Ainda que a aprovação da reforma previdenciária sejam favas
contadas — o Congresso não vai querer ser culpado de impedir o país de sair do
buraco —, falta garantir, na Câmara, 308 votos entre 513 deputados divididos em
experientes fisiologistas e novatos despreparados. E em matéria de articulação
política o PSL é uma pérola do humor
negro.
A inexperiência do deputado goiano de primeiro mandato Major Vitor Hugo se soma à absoluta
falta de decoro que lhe autoriza a compartilhar alegremente, em grupos de
WhatsApp, conteúdos que melindram seus pares na Câmara. Há pouco mais de um
mês, o parlamentar publicou uma charge que associava articulação política a
corrupção. O presidente da Câmara considerou a postagem um ataque ao Congresso,
e ficou de mal do deputado pesselista — que tentou se explicar, mas Maia
encerrou a reunião quando ele ainda estava falando.
Um líder do governo que não consegue dialogar com o
presidente da Câmara representa à perfeição o partido do presidente — uma
agremiação política sem unidade orgânica que desperdiça energia com
questiúnculas e discussões miúdas. Com 54 deputados, quatro senadores e três
governadores — dos quais 70% estão em primeiro mandato —, o PSL é um aglomerado de políticos que ganharam
projeção por meio do ativismo digital, se elegeram na onda anti-establishment
do bolsonarismo e, agora, são reféns das redes sociais que os ajudaram a chegar
a Brasília.
Como desgraça pouca é bobagem — nem vou mencionar o laranjal do PSL —, o partido não é desarticulado apenas no Congresso: em São Paulo, Eduardo Bolsonaro, que substituiu o
senador Major Olimpio na presidência
estadual da sigla, busca preencher as vagas da executiva paulista com aliados.
Zero três é o principal fiador de uma possível candidatura do apresentador José Luiz Datena à prefeitura de Sampa,
com o deputado-príncipe Luiz Philippe de
Orleans e Bragança de vice. O objetivo seria impedir Joice Hasselmann — com quem o filho do capitão já se estranhou
publicamente mais de uma vez — de se lançar ao cargo.

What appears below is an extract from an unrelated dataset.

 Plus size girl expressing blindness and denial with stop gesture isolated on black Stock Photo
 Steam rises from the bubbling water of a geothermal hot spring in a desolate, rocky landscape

Na segunda-feira 20, Eduardo
se reuniu por horas com o ex-assessor e hoje deputado estadual Gil Diniz. Na pauta, a situação da
deputada Jamaicana Paschoal, eleita
para a Assembleia de São Paulo com mais de 2 milhões de votos, que também era
cotada para concorrer à prefeitura, mas irritou o núcleo duro do bolsonarismo
ao questionar a sanidade mental do presidente e as manifestações do último dia
26 — e chegou mesmo a insinuar que poderia abandonar o partido, mas depois
mudou de ideia.
Segundo a revista Veja,
a contrariedade de Janaína com os
protestos é fácil de explicar. Se fossem um fiasco, Bolsonaro sairá desmoralizado; se fossem um sucesso, afastariam
ainda mais os deputados dos partidos tradicionais, que com boa razão não
engolem a pauta original da manifestação, voltada contra o STF e o Congresso. Alvo
de diversos memes, Rodrigo Maia
irritou-se com a hostilidade ao Legislativo contida nas chamadas originais às
manifestações, e já antes disso vinha reunindo deputados do Centrão e da
oposição em sua casa para discutir formas de o Congresso tomar a frente do
governo em pautas econômicas centrais, como a reforma da Previdência e a
reforma tributária.
O PSL não foi
convidado para esses encontros. Nem poderia. Como convidar 54 deputados que só
pensam em si próprios e em suas redes?